## Data for analysis
■ ■ ■ ■ ■

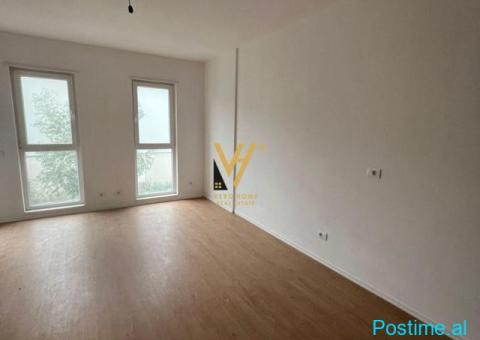 JEPET ZYRE 56 M2 ME QERA TE UNIVERS CITY 380 EURO - 6/6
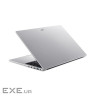 Ноутбук Acer Aspire Lite AL16-54P (NX.DK6EU.002)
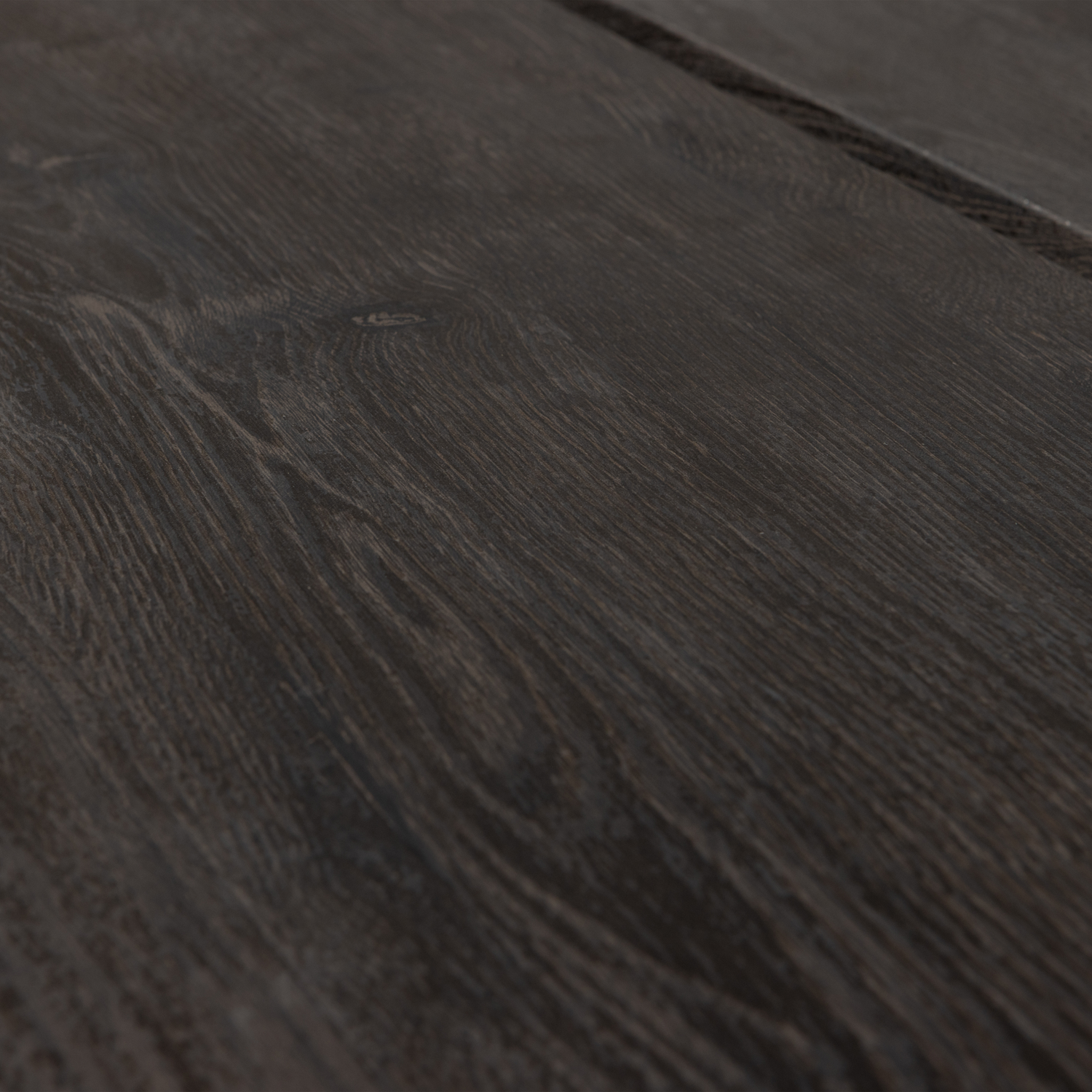 377427-D-02_VS_WE_Lion_salontafel_mdf_donkerbruin_140x60cm_detail.png?auto=webp&format=png&width=1500&height=1500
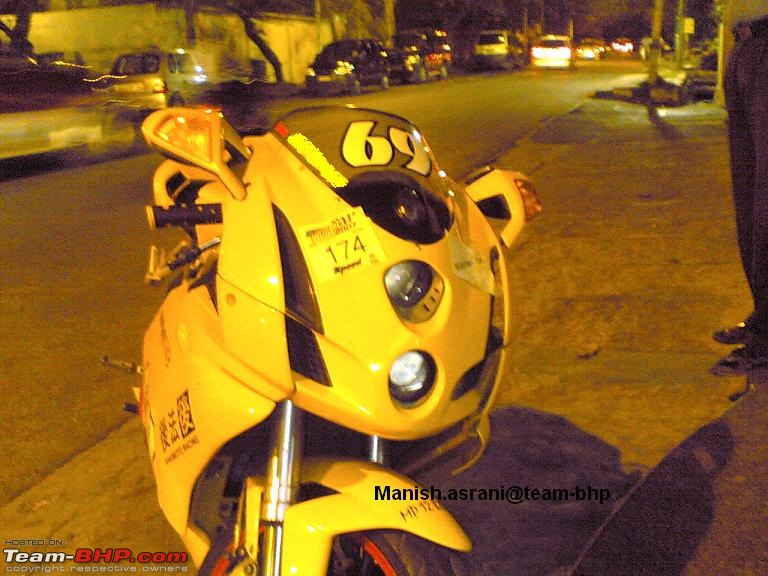 Superbikes spotted in India-du.jpg
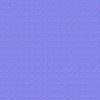 Blue and Orange Concrete Pavement PBR Texture - Image 7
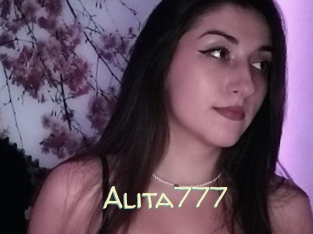 Alita777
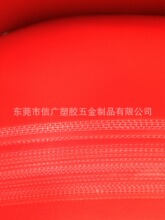 �L�ڼӹ�������������� �V�ݷ�خ��Ӹ��� ���Mӡˢ��˾����LOGO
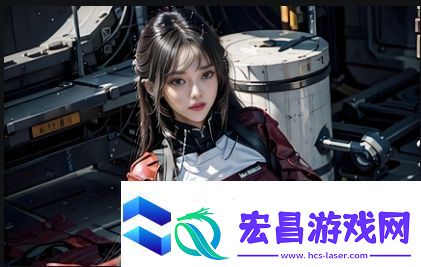 如何选择合适的免费行情网站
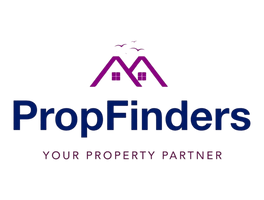 propfinders.uk
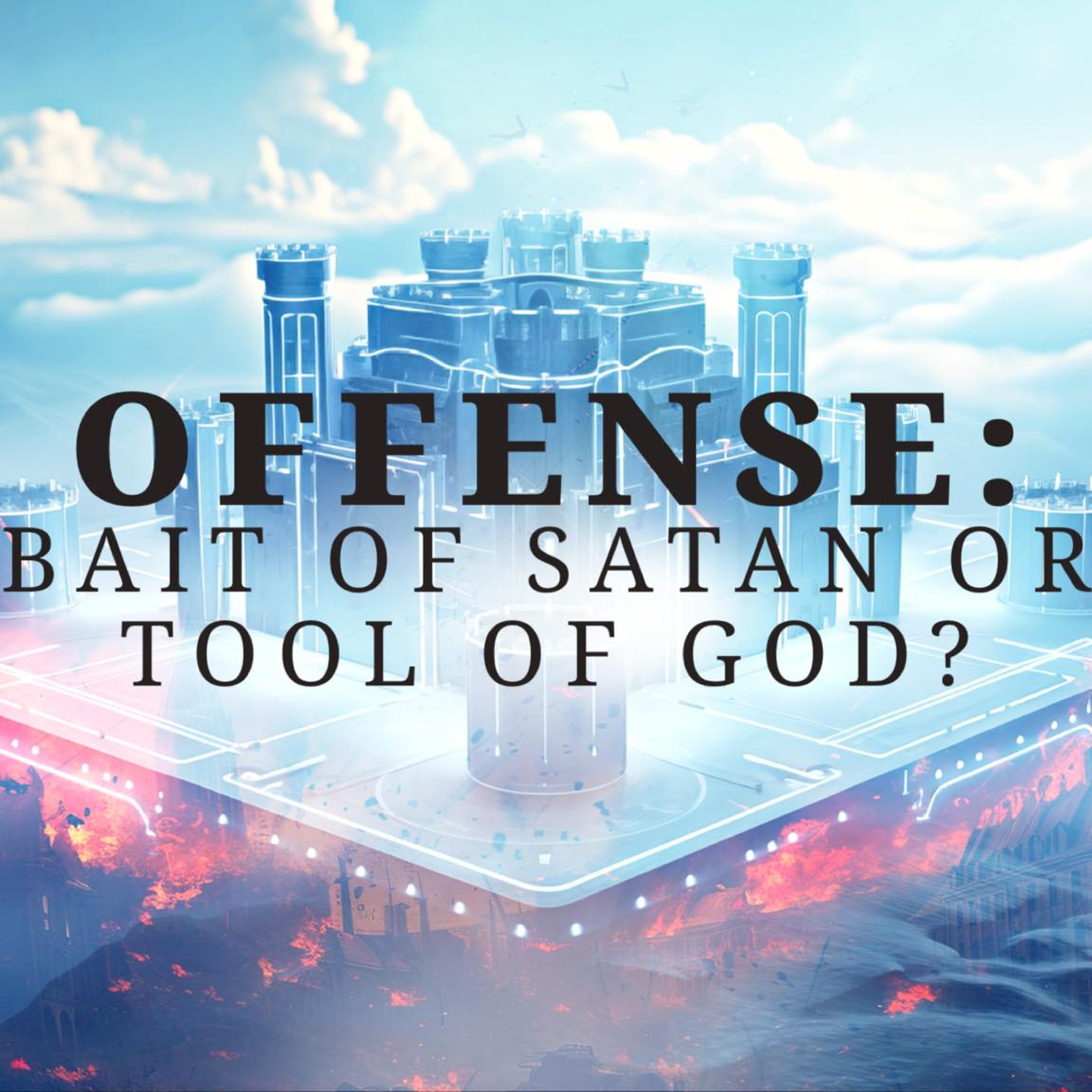 Bristol Hope Assembly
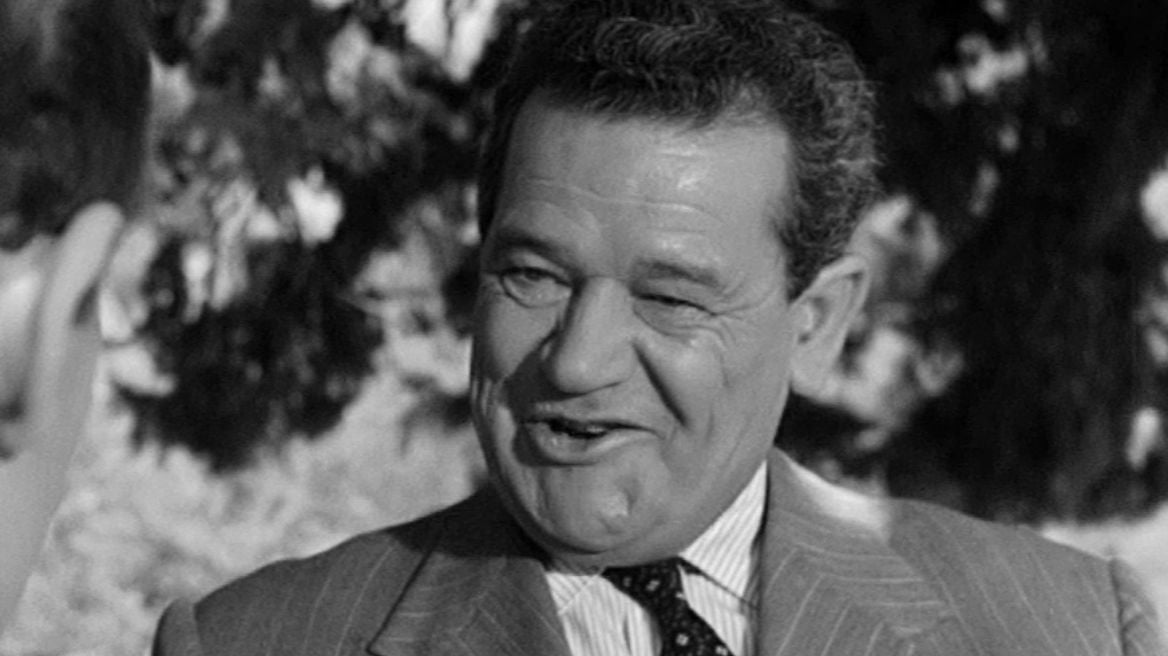 Παντελής-Ζερβός-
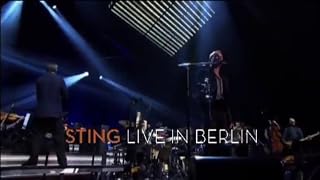 Klicken, um dieses Video zu sehen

■ ■ ■ ■ ■

## Problem
Pictures are to be omitted; otherwise, write out the data exactly as it appears.

## Output of the exercise
 JEPET ZYRE 56 M2 ME QERA TE UNIVERS CITY 380 EURO - 6/6
 Ноутбук Acer Aspire Lite AL16-54P (NX.DK6EU.002)
 377427-D-02_VS_WE_Lion_salontafel_mdf_donkerbruin_140x60cm_detail.png?auto=webp&format=png&width=1500&height=1500
 Superbikes spotted in India-du.jpg
 Blue and Orange Concrete Pavement PBR Texture - Image 7
 Alita777
 �L�ڼӹ�������������� �V�ݷ�خ��Ӹ��� ���Mӡˢ��˾����LOGO
 如何选择合适的免费行情网站
 propfinders.uk
 Bristol Hope Assembly
 Παντελής-Ζερβός-
 Klicken, um dieses Video zu sehen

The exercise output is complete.